The biggest problem I can foresee for this game is the stigma surrounding the previous release, and the media’s inherent inability to approach something with fresh eyes devoid of whatever has gone before. To say that Two Worlds II is an improvement over Two Worlds would be doing it a gross disservice as it is more of a reinvention than an evolution, and should be treated as such, but the stigma may prevent it from being accepted at its full potential. Had I to personify Two Worlds II, I would liken it to Tom Hanks… from laughable humble beginnings as a stooge in some pretty dreadful comedies, his career evolved to the point where he was quoted as being one of the most influential actors in Hollywood and has scored a series of Oscar nominations and wins. He’s still Tom Hanks, but I’m sure most people will remember him as Forrest Gump than Alex Keaton’s drunken uncle Ned in Family Ties and so hopefully the gaming world will be able to do the same with Two Worlds II and remember it for being a fantastic game in its own right rather than just the follow up to the globally hated Two Worlds.Pros
- Excellent sense of humour, and very self referential at times.
- Huge map with so many places to explore.
- Addition of sailing opens up a new side to the game.
- Graphics are a huge improvement on the previous game.
- Intuitive crafting and spell casting system.
- Entire weapon set and apparel changes from a single d-pad click.
- The shimmering and lack of antialising or anisotropic filtering.
- Having to forfeit a regular weapon slot for a staff to perform spell casting.
- Enemies can sometimes get preoccupied jumping up and down in a corner, albeit rarely.
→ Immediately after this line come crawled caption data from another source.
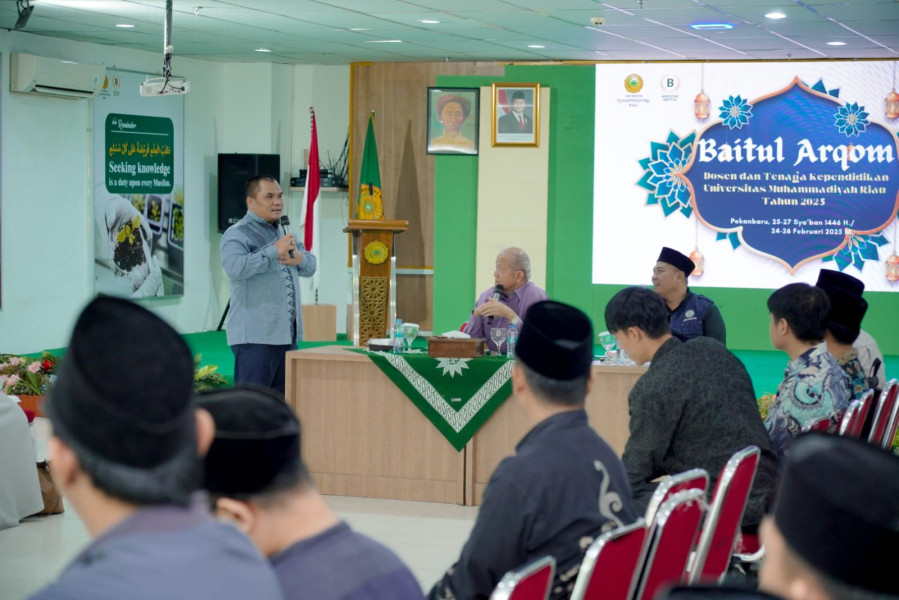 Umri Gelar Baitul Arqam Bagi Dosen dan Tenaga Kependidikan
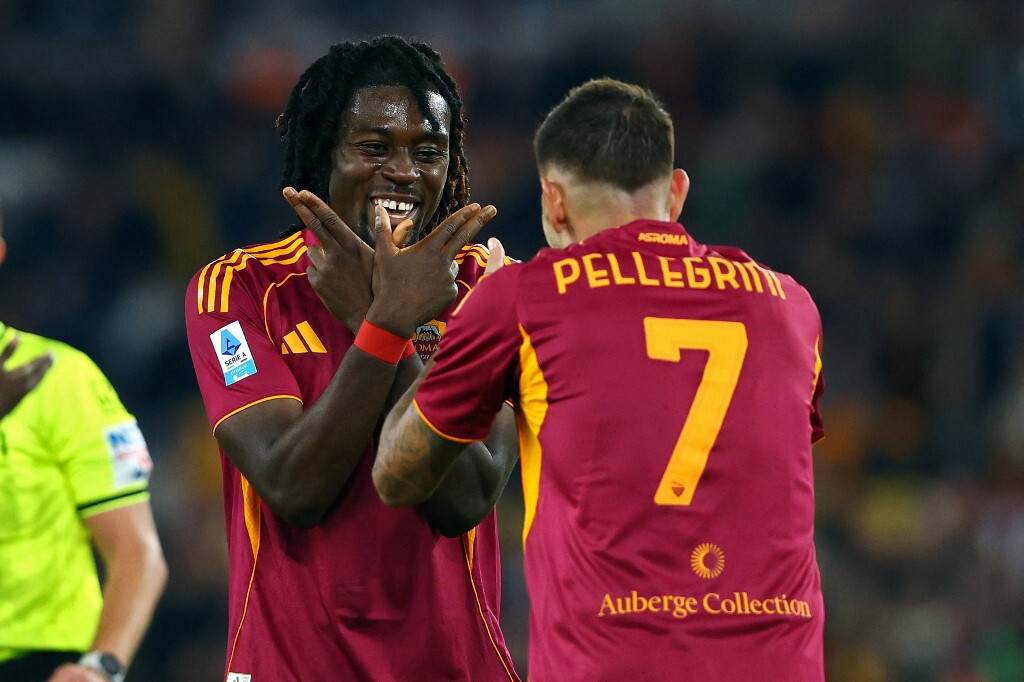 La Roma batte 2-0 l'Udinese e vola in vetta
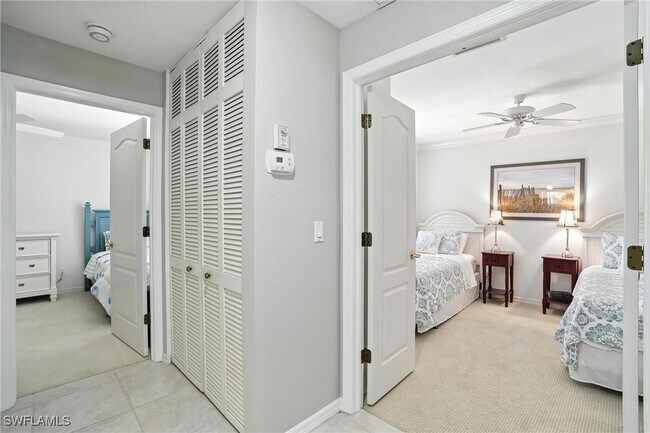 Building Photo - 7032 Pelican Bay Blvd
- Steep difficulty curve at the beginning.
- Glitched quest with "The Ghost's Toll" which prevents maxing out the achievement - please fix!!
- Would have liked another twenty hours gameplay, and more random respawns considering there is no level cap
Two Worlds II is, in a nutshell, everything that Two Worlds could only ever have dreamed of being. It is less about running around as an errand boy and more an entertaining journey through Antaloor with side quests thrown in along the way to give you something to do on your travels. The voice acting and dialogue have enough cheese to remind you that it IS a Two Worlds game but are executed in such a way that you're not distracted by them at any point. As a lover of Two Worlds and someone who championed it when all around where throwing it on the funeral pyre, it was always at the back of my mind that Two Worlds II would be full of Molyneux hype and very little substance to back it up when it came to getting hands on... but that wasn't the case. Instead, I've been treated to almost eighty hours of enjoyable role playing action and an immersive and touching story line... and that's not counting the forty or so hours spent in various multiplayer modes. Two Worlds II is, in my opinion, well worth the wait and the best RPG I've played since Oblivion.